そうすると自分の持っているセルフイメージや常識などがはっきりし、『感情と行動は自由にコントロールできる』という感覚が段々と分かってきます

 

でも、ここまでの書いてきたことだけでは、『選択の自由がある』ということが分かっただけで、『自分らしく生きる』ことはできません。

ここに、自分の【憧れの人生】であったりとか、【体現したい自分】などが加わってくると、どのように反応すれば【自分らしい】のか、ということがはっきりしてきます。

 

このような状態になると、現実で起こる色々なことに対して、ワンクッション置いて、冷静に反応できるようになります。
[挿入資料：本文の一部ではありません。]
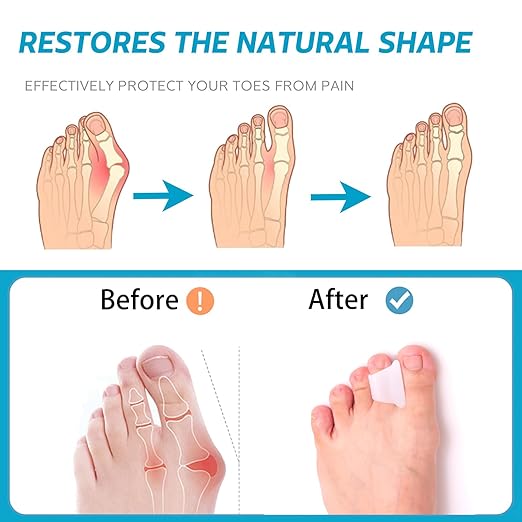 Hammer Toe Straightener Corrector - Toe Spacers Toe Separators for Bunion, Curled Toes, Hammertoes, Toe Corrector Toe Splint for Men and Women,6 Pack (Large Size)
そして、経験を積むと自分が望む方向にその場をコントロールすることもできるようになってきます。

 

例えば、会社で上司と話をしていて、

  • ここはこの方向で話を進めたいから、こういう反応をしてみよう。
  • ここは一回引いて、上司の意見を素直に受け入れよう。

みたいな考えが、できるようになってきます。

そうすると、上司との関係が大きく変わったりします。

 

そして、これを続けていると『自分らしい』反応をしても、周囲との摩擦が減ってくるのです。

 

まあ、わたしもまだまだ勉強中なので完璧にはできませんが。

でも少なくとも状況をしっかりと理解できているので、後からこうしたらどうだったのだろうか?とシミュレーションもできるわけです。

 

 

ここまで、ざっくりと簡単に書きましたが、もちろんこんな短文で全てを書き表すことはできません。

おおよその流れの話をしただけです。

もし興味があって、もっと詳しく知りたいなと思った方は、こちらの記事を読んでみてください。

 

とにかく、ここまできて、やっと『自分らしく生きる』とは、どういうことかというのが分かってきます。

これは、『好きなことをする』という上辺だけの話ではありません。

自分の人生をを変えていく大切で地道な作業です。

 

 

『自分らしく生きたい』と言う人の多くは、環境を変えようとします。

でも環境は簡単に変えられないし、例え変えることができても、結局は同じことが起こります。

だから、わたしは悪いのではなくて周りが悪い、と常に現実に不満を持って生きていくことになります。

 

そして、今の会社に、日本社会に問題があるという考え方なっていきます。

常に、何かの反対運動に参加している人は、このようなロジックでしか、人生を見ることができていないのです。

 

まあ、わたしも今の日本が素晴らしいとは言えないし、壊れかけているし、先行きが不安であることは確かです。

 

でも、これだけは言えます。

 

『自分らしく』生きていないのは、自分自身の責任だということを。